Menurut Dian, tanpa keberanian dan visi strategis mantan presiden tersebut, proyek-proyek besar seperti kereta cepat Jakarta–Bandung tidak akan mencapai kemajuan secepat yang terjadi saat ini.
Ia menilai gelombang kritik terhadap proyek strategis nasional sering kali dipicu oleh kepentingan politik tertentu dan bukan karena analisis ekonomi yang objektif.
Dian menegaskan bahwa masyarakat seharusnya melihat manfaat nyata dari hasil pembangunan yang telah dirasakan, bukan sekadar menyoroti beban pembiayaan yang menyertai proses tersebut.
Dalam penjelasannya, ia menambahkan bahwa pembangunan berskala besar membutuhkan pandangan jangka panjang agar manfaatnya dapat dirasakan lintas generasi.
Pernyataan Dian itu kemudian direspons oleh pengamat politik Jhon Sitorus melalui akun X resminya @jhonsitorus.

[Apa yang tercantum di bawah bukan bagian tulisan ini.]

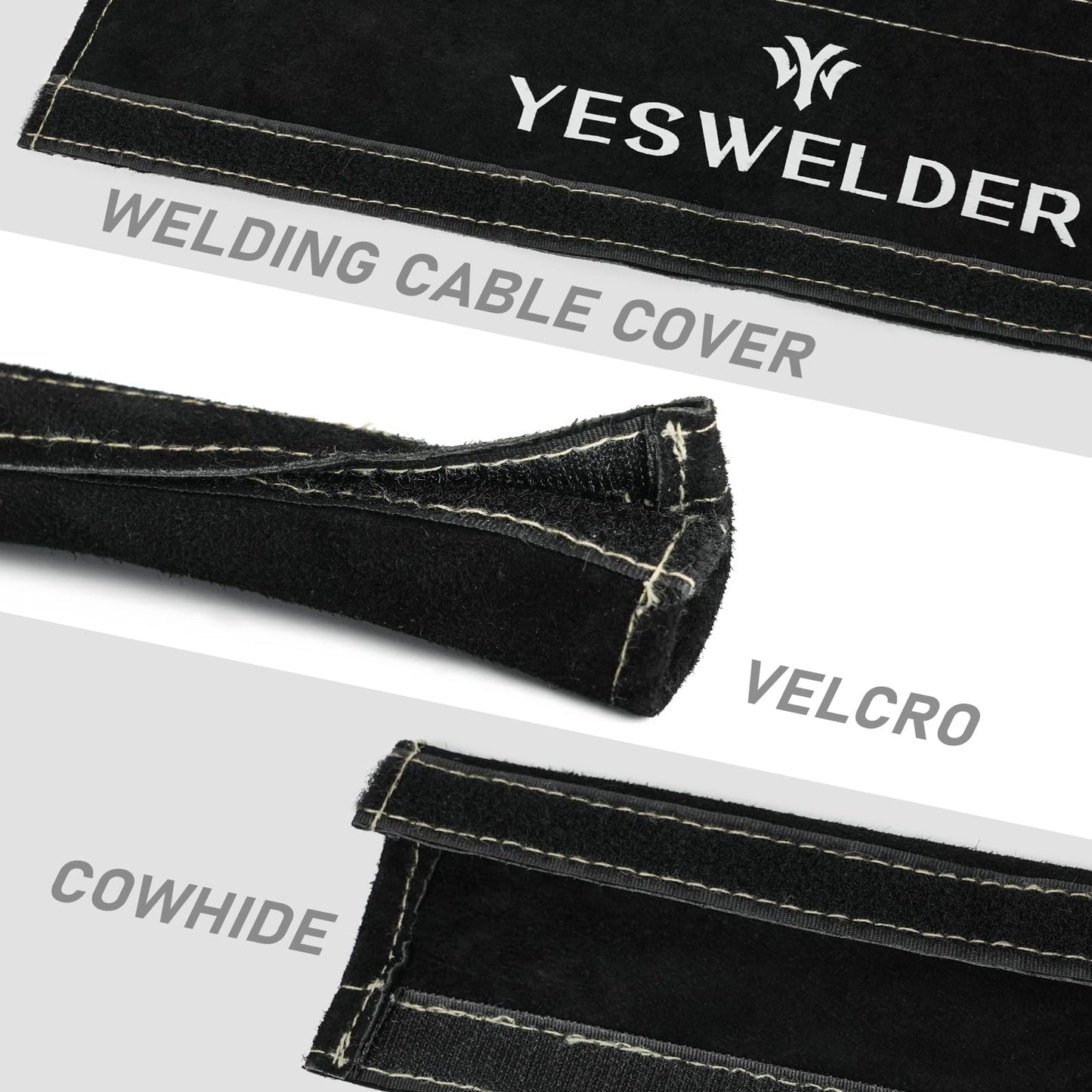 YESWELDER TIG Welding Torch Cable Cover Flame Resistant Leather Black Cover 7.6 Meters(25 Feet Length)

Dalam unggahannya pada 23 Oktober 2025, Jhon menuliskan, “Masa kalau Jokowi nggak ada, Indonesia jadi tidak punya apa-apa? Ini artinya sebelum Jokowi Indonesia masih zaman Purbakala.”
Cuitan tersebut langsung memicu diskusi luas di media sosial dan membuka perdebatan baru tentang makna sebenarnya dari pernyataan Jubir PSI itu.
Sebagian warganet menilai pandangan Jhon bersifat realistis karena kemajuan bangsa tidak hanya ditentukan oleh satu masa pemerintahan.
Mereka berpendapat Indonesia telah memiliki fondasi ekonomi dan sosial yang kuat jauh sebelum era Jokowi, sementara pihak lain menilai keberanian mengeksekusi proyek besar memang baru terlihat jelas di masa kepemimpinan Jokowi.
Meski perdebatan terus bergulir, baik Dian maupun Jhon menegaskan tidak ada niat saling menjatuhkan.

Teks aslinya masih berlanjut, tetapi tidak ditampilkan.